American actress and director (born 1952)

Melanie Joy Mayron (born October 20, 1952) is an American actress and director of film and television. Mayron is best known for her role as photographer Melissa Steadman on the ABC drama thirtysomething for which she won the Primetime Emmy Award for Outstanding Supporting Actress in a Drama Series in 1989, and was nominated for same award in 1990 and 1991. In 2018, the Santa Fe Film Festival honored Mayron for her outstanding contributions to film and television.

==Early life and career==
Mayron was born in Philadelphia, Pennsylvania to Norma (née Goodman), a real estate agent, and David Mayron, a pharmaceutical chemist. Her family is Jewish; her father is from a Sephardic background (the original surname was "Mizrahi"), while her mother is of Russian Jewish descent. She graduated from the American Academy of Dramatic Arts in 1972 and subsequently attended the Actors Studio, studying initially with Lee Strasberg, and later with John Lehne and Sandra Seacat.

In her first starring role, Mayron appeared opposite Josh Mostel and Art Carney in the 1974 film Harry and Tonto. She worked steadily during the 1970s, with roles in the 1976 movies Gable and Lombard and Car Wash, and the 1977 films The Great Smokey Roadblock and You Light Up My Life, and starred in 1978's Girlfriends, directed by Claudia Weill. In the mid-1970s, she played Brenda Morgenstern's best friend, Sandy Franks, on three episodes of the Mary Tyler Moore Show spin-off, Rhoda. In 1982, she played Terry Simon, the photographer, in director Costa-Gavras' political drama Missing, alongside Jack Lemmon and Sissy Spacek.

In 1988, she co-wrote and co-produced the comedy film Sticky Fingers starring Helen Slater. In 1995, Mayron directed The Baby-Sitters Club, a film based upon the book series of the same name.

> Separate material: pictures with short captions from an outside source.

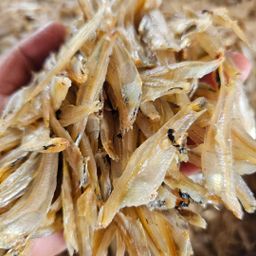 ပန်းခရေ Kitchen_ငါးနီတူခြောက်ကြော်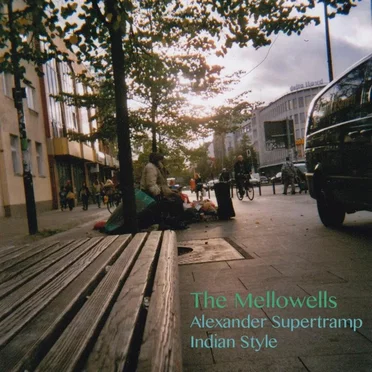 Alexander Supertramp/indian Style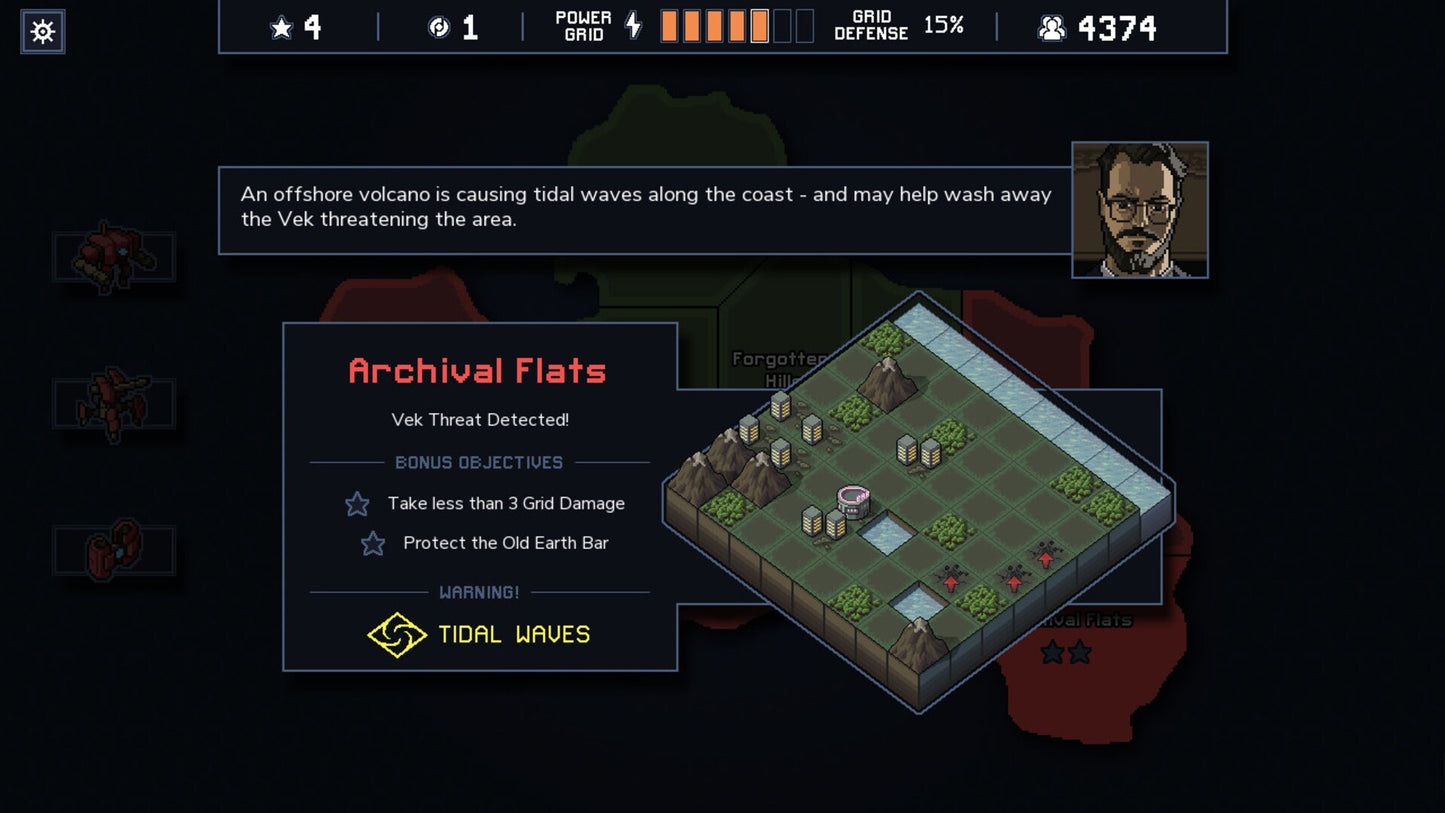 Into the Breach (PC) - Steam Key - GLOBAL   - Subset Games [Email/Instant Delivery]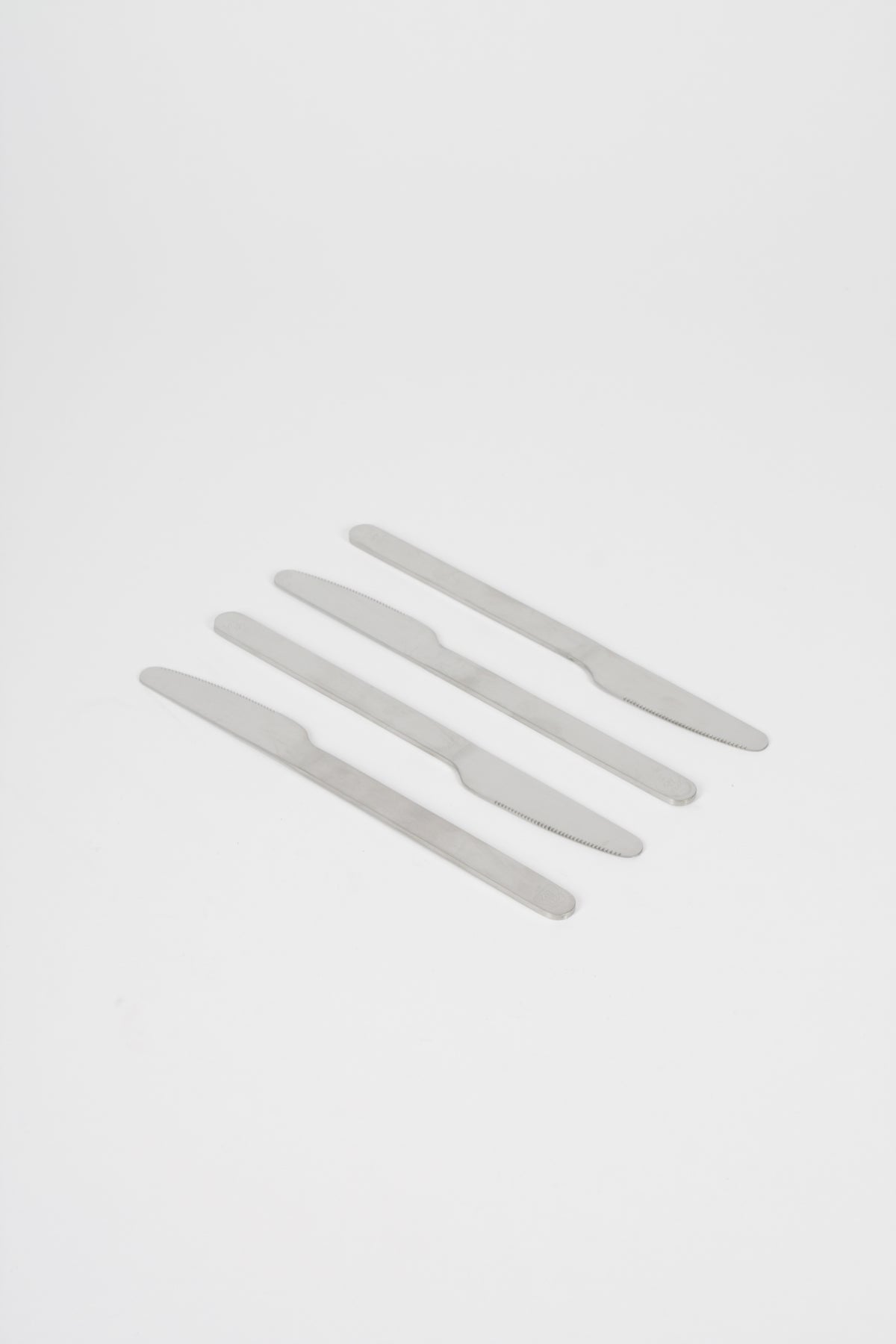 Steel Cutlery - Pick Up 12 pcs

She also directed the television movie Toothless (1997) starring Kirstie Alley and the movie Slap Her... She's French (2002), starring Piper Perabo (which appeared on television as She Gets What She Wants). In 2006, she appeared as a judge in the reality show Looking for Stars on the Starz! channel.

In addition to her role as Melissa Steadman, one of the primary cast members on thirtysomething, she directed episodes of the show as well. The character of Melissa, like Mayron, is single, hails from Philadelphia and has supported herself as a photographer.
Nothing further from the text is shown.